The NYT staff do not stick to just mocking heinous mass shootings, however. Another photo shows Executive Editor Bill Keller standing over a recreation of the Heaven’s Gate Cult mass suicide.
On March 26, 1997, 38 members of the cult, as well as their leader Marshall Applewhite, were found dead, lying neatly in matching outfits. The members of the cult had consumed a mixture of phenobarbital and applesauce, which they washed down with vodka before placing plastic bags over their heads to cause asphyxiation.
The members believed that they would board a UFO that was following the Hale-Bopp comet.
— 78tiger (@78tiger) June 23, 2015
The photos were posted to a private Facebook group of New York Times alumni, by Anne Cronin, the current Bloomberg View editor. In a statement to Gawker she wrote that the photos are part of a “wonderful inhouse tradition,” and made no apologies for the insensitive content.
Cronin expressed frustration that the photos were leaked from the group, which is intended to be private.
“I used to organize a Seersucker Day at the Times to mark the first full day of summer,” Cronin wrote. “I took all the photos every year and posted some on the New York Times Alumni forum, which asks that we not share this material with anyone outside the group.”

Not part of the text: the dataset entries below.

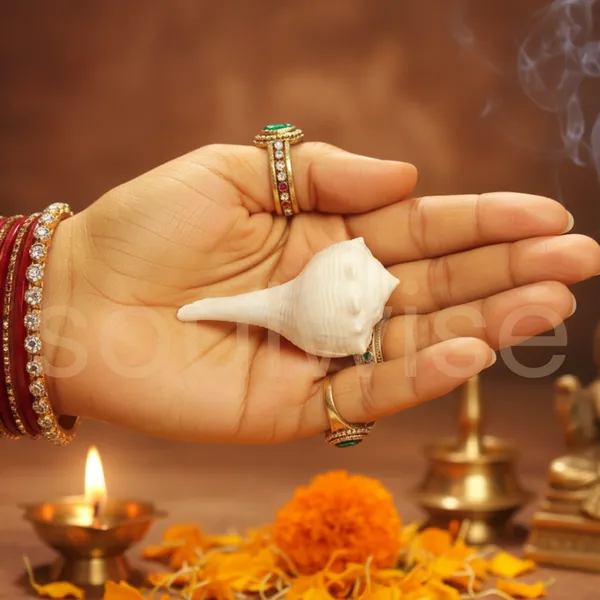 Dakshinavarti_Shankh_2_Inch_Right_Handed_Natural_Conch_Shell_For_Puja_Vastu_And_Lakshmi_Sadhana_Auspicious_Hindu_Spiritual_Item_For_Home_Temple_Wealth_Rituals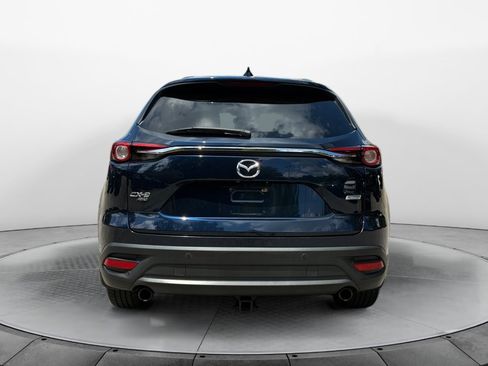 Used 2018 MAZDA CX-9 Touring w/ Touring Premium Package AWD/4WD image 6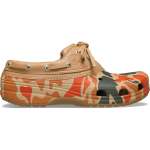 Classic Duck Camo Boat Shoe - Black cargo M13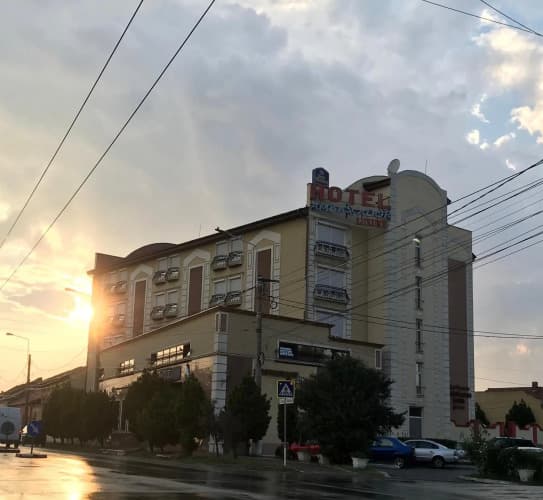 Картинка отеля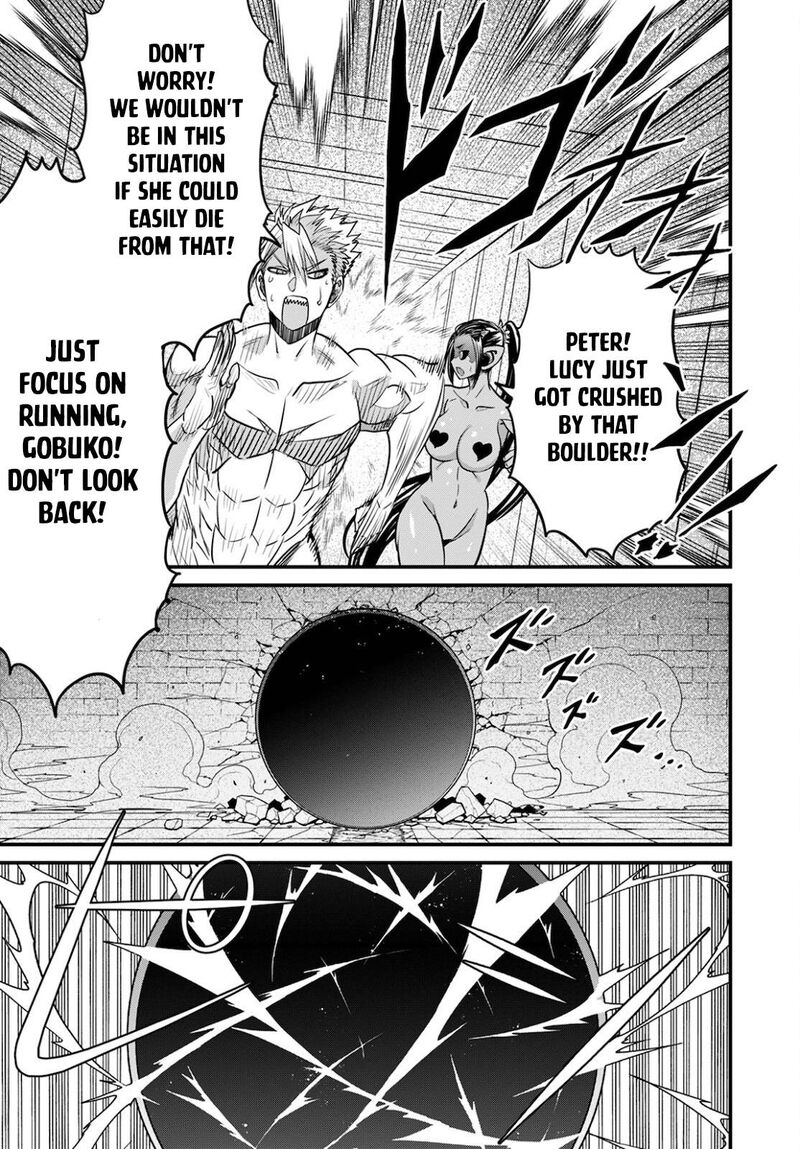 Peter Grill To Kenja No Jikan 41 17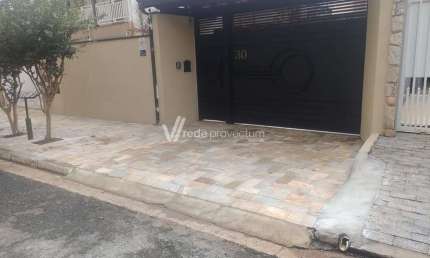 Casa com 4 quartos à venda na Rua Luiz Oliveira, 30, Parque das Flores, Campinas, 411 m2 por R$ 1.480.000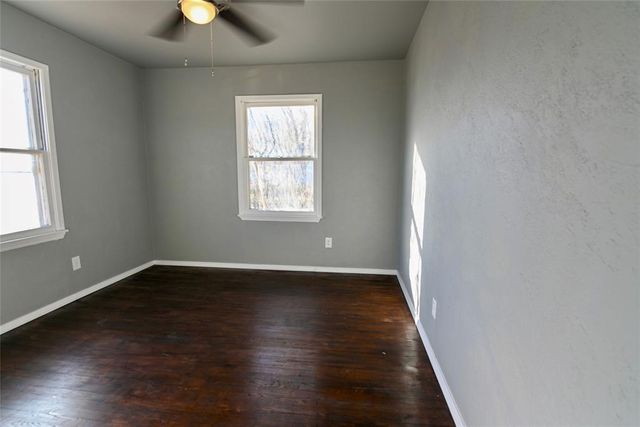 3621 S Quapah Avenue, Oklahoma City, OK 73119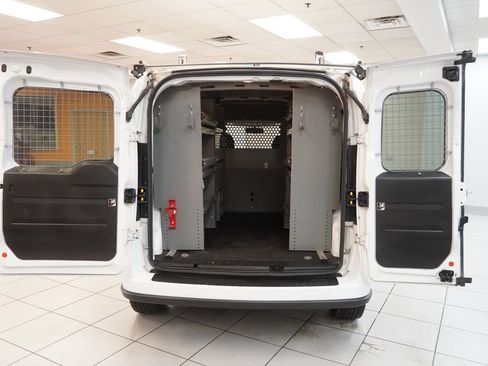 Used 2022 RAM ProMaster City Wagon FWD image 9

In a statement to Gawker, current Times publisher Arthur Sulzberger Jr. said: “These photos are in poor taste, not reflective of the values of The New York Times and deeply regrettable.”
When Gawker approached Keller for comment, he responded with a fairly clever zing against their website, but failed to address the offensive nature of the photos.
“This is what journalists did with their childish impulses before there was Gawker,” Keller stated.
Rosenthal has yet to comment on or publicly address the photos.